◆ Problem details: The first line of the entries and each line after it, through the one that contains "Hey model car", are to be duplicated exactly; no picture belongs in the copy.

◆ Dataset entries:
== Segment start ==
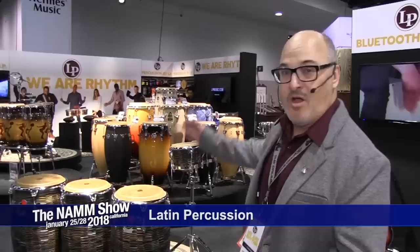Hey everybody, this is Derek Zimmerman, the LP Brand Manager, and I'd like to welcome all of the Long & McQuaid customers to our NAMM 2018 LP booth. We Are Rhythm.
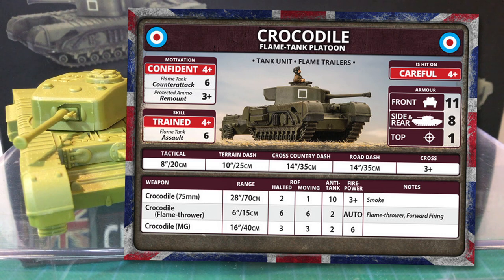Churchills are infantry tanks and thus pretty slow — tactical move is just 8 inches or 20 centimetres, and even the dash speeds aren't much more. Cross is 3+, however; while slow, the Churchill was renowned for its ability to negotiate terrain. Crocodiles retain their 75mm gun, so they can fight as normal gun tanks. The 75mm gun has a 28 inch or 70 centimetre range, with a moving rate of fire of 1 and halted of 2. Anti-tank is 10 — one less than the six-pounder — and firepower is 3+. The gun can also fire smoke; that's the only special rule for the 75mm.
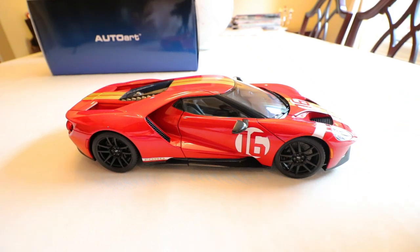Hey model car fans, welcome back to the channel — welcome back to Ducky's Model Cars, or if you're new, welcome to Ducky's Model Cars. My name is Kenny, as always your host, aka Ducky. Today I'm going to be doing another review of a recent acquisition to the model car collection. Without any further ado, let's turn the camera around and show you what today's model is.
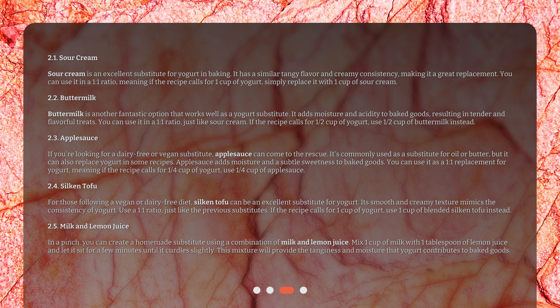For those following a vegan or dairy-free diet, silken tofu can be an excellent substitute for yogurt. Its smooth and creamy texture mimics the consistency of yogurt. Use a one-to-one ratio — if the recipe calls for one cup of yogurt, use one cup of blended silken tofu instead.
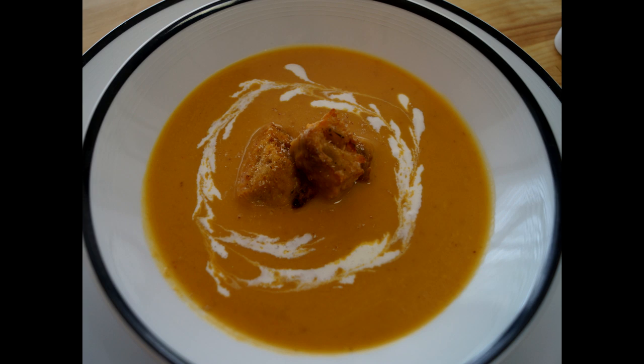I'm Diane Cometa and today on Dishin' With Di, I'm going to show you how to make pumpkin soup. This is a really easy recipe, perfect for a weeknight, but so delicious. You will have no problem serving this on a holiday. Your friends and your relatives are going to be really impressed. Let me show you what you need and you can get started.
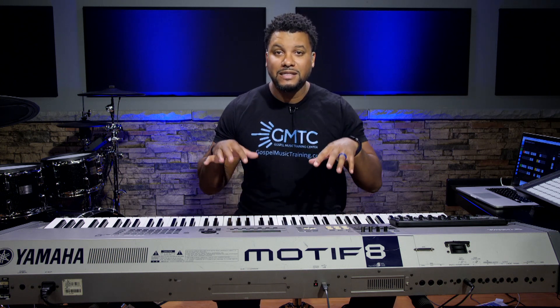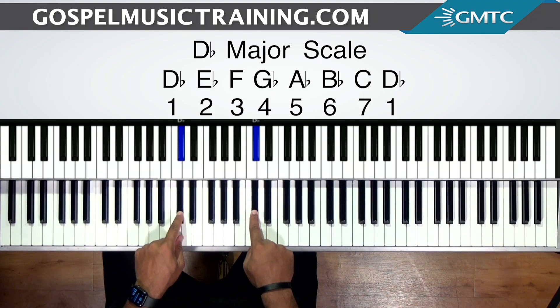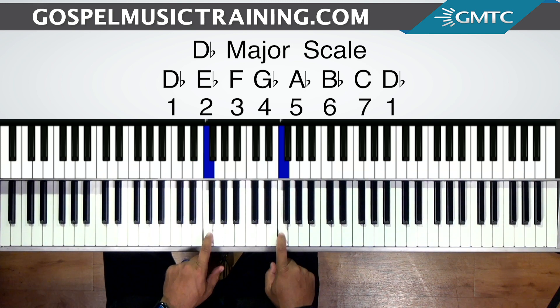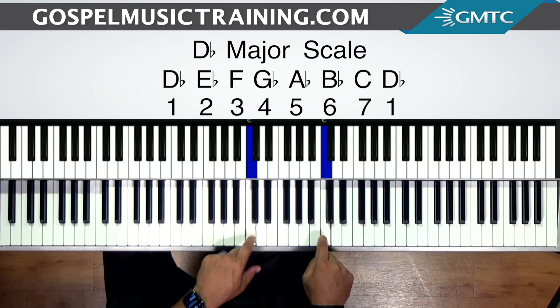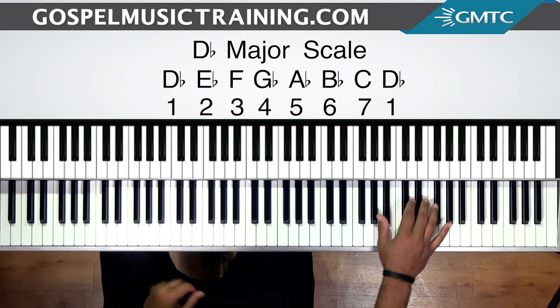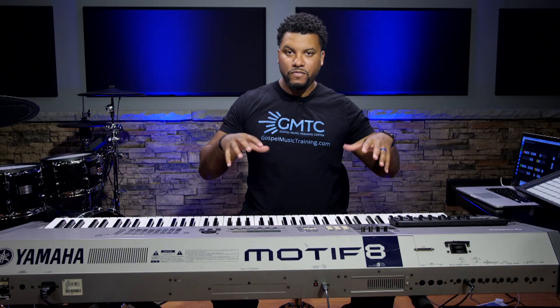Let's first check out the number system of scale, and then we're going to get into this nice chord walkdown going to the 2 in the key of D-flat major. You can also walk up to it — I'm going to give you some different options. The D-flat major scale: D-flat is the 1, E-flat is the 2, F is the 3, G-flat is the 4, A-flat is the 5, B-flat is the 6, C is the 7, and then we're back at the 1, D-flat. That's our number system of scale for D-flat major, and that's what we're going to use to identify the chords and progressions.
== Segment end ==
◆ Answer:
Hey everybody, this is Derek Zimmerman, the LP Brand Manager, and I'd like to welcome all of the Long & McQuaid customers to our NAMM 2018 LP booth. We Are Rhythm.
Churchills are infantry tanks and thus pretty slow — tactical move is just 8 inches or 20 centimetres, and even the dash speeds aren't much more. Cross is 3+, however; while slow, the Churchill was renowned for its ability to negotiate terrain. Crocodiles retain their 75mm gun, so they can fight as normal gun tanks. The 75mm gun has a 28 inch or 70 centimetre range, with a moving rate of fire of 1 and halted of 2. Anti-tank is 10 — one less than the six-pounder — and firepower is 3+. The gun can also fire smoke; that's the only special rule for the 75mm.
Hey model car fans, welcome back to the channel — welcome back to Ducky's Model Cars, or if you're new, welcome to Ducky's Model Cars. My name is Kenny, as always your host, aka Ducky. Today I'm going to be doing another review of a recent acquisition to the model car collection. Without any further ado, let's turn the camera around and show you what today's model is.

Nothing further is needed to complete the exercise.